Rz. 80

Das Selbstanfechtungsrecht der Ehegatten kann in der gegenseitigen Verfügung von Todes wegen grundsätzlich ausgeschlossen werden.[142] Man spricht insoweit auch von einem Vorausverzicht auf das Anfechtungsrecht, der auch gegenüber einem anfechtungsberechtigten Dritten gilt.[143]

Auf das Anfechtungsrecht kann dabei teilweise oder ganz verzichtet werden.[144] Unter bestimmten Umständen kann sich ein Anfechtungsverzicht auch durch Auslegung ergeben.[145]

 

Rz. 81

Gerade um den Fall einer Anfechtung nach erfolgter Wiederverheiratung zu vermeiden, sollte ein entsprechender Verzicht im gemeinschaftlichen Testament erklärt werden. Um im Falle der Wiederverheiratung der Situation des überlebenden Ehepartners gerecht zu werden, kann durch die Aufnahme einer Wiederverheiratungsklausel einerseits sichergestellt werden, dass die gemeinsamen Abkömmlinge ihren Anteil am Nachlass des Erstverstorbenen erhalten und andererseits kann der überlebende Ehepartner dann seine Testierfreiheit durch Aufhebung der Wechselbezüglichkeit wiedererlangen.

Während ein Ausschluss der Anfechtungsmöglichkeit wegen Hinzutretens weiterer Pflichtteilsberechtigter gemäß § 2079 BGB daher in jeder Verfügung von Todes wegen enthalten sein sollte, ist der Ausschluss des Anfechtungsrechts nach § 2078 BGB mit Vorsicht zu behandeln, da eine Vorsorge hinsichtlich der Vielfältigkeit der Motive nahezu unmöglich ist und ein umfassender Ausschluss des Motivirrtums ggf. mehr negative als positive Folgen haben kann.

 

Rz. 82

Im Übrigen ist bei einem Verzicht auf ein Anfechtungsrecht nach § 2078 BGB wegen Motivirrtums der Umfang des Verzichts auf diejenigen Umstände zu beschränken, die der Erblasser voraussehen bzw. mit denen er rechnen konnte.[146] In den Fällen, in denen unvorhersehbare Umstände eintreten, bleibt dann eine Anfechtung wegen Motivirrtums nach § 2078 BGB i.d.R. weiterhin bestehen.[147]

 

Rz. 83

Muster 19.16: Anfechtungsverzicht nach § 2079 BGB

 

Muster 19.16: Anfechtungsverzicht nach § 2079 BGB

Wir, die Eheleute _________________________, verzichten auf das uns zustehende Anfechtungsrecht gemäß § 2079 BGB für den Fall des Hinzutretens oder Vorhandenseins weiterer Pflichtteilsberechtigter. Die in unserem Testament für den ersten und den zweiten Todesfall getroffenen Verfügungen sollen also auch dann wirksam sein, wenn weitere Pflichtteilsberechtigte vorhanden sind oder noch hinzutreten, insbesondere auch dann, wenn sich der überlebende Ehegatte wiederverheiratet. Insoweit ist auch ein Anfechtungsrecht Dritter ausgeschlossen.
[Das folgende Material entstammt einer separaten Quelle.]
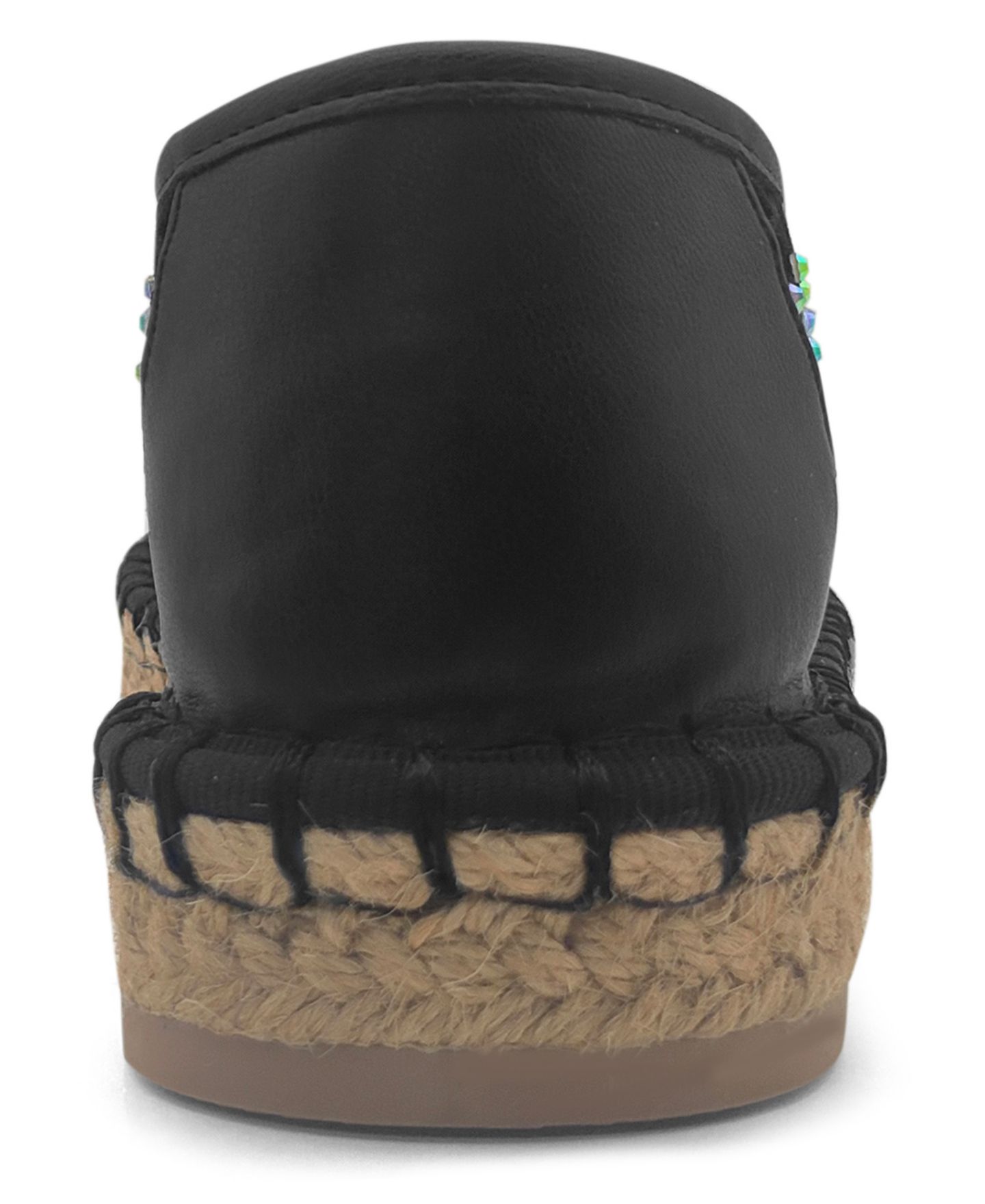 Женские балетки Kenneth Cole Reaction Bonne Round Toe Espadrille Flats, цвет: Чёрный сетчатый — фото 3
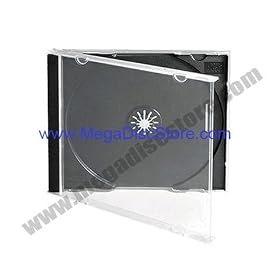 10.4mm Jewel Case Single Black 50Pcs/Pack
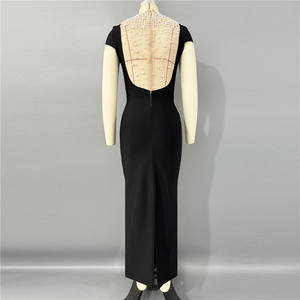 Novance-Robe de soirée pour femme, tenue de soirée, élégante, argentée, grande taille, 2025 - Product Image 4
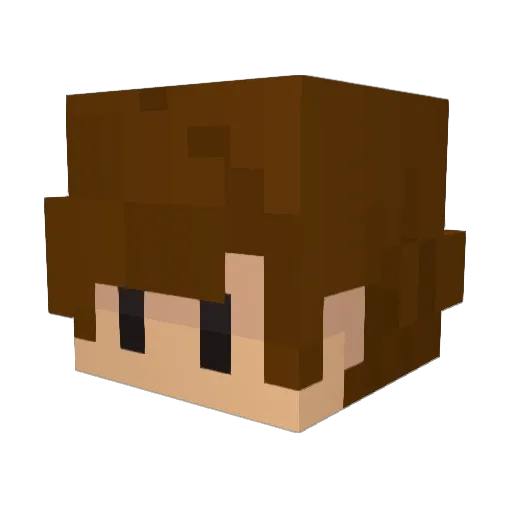 danicel Minecraft avatar head, 3D render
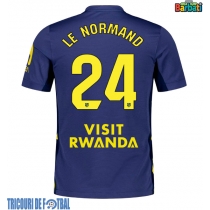 Echipament fotbal Atletico Madrid Robin Le Normand #24 Tricou Deplasare 2025-26 maneca scurta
[142] MüKo/Musielak, § 2281 Rn 16.
[143] Dritte sind bei bindend gewordenen gemeinschaftlichen Testamenten anfechtungsberechtigt, wenn das Anfechtungsrecht des Erblassers zum Zeitpunkt des Erbfalls noch nicht erloschen war, vgl. Nieder/Kössinger, § 24 Rn 28.
[146] OLG Celle NJW 1963, 353.
[147] Bengel, DNotZ 1984, 132.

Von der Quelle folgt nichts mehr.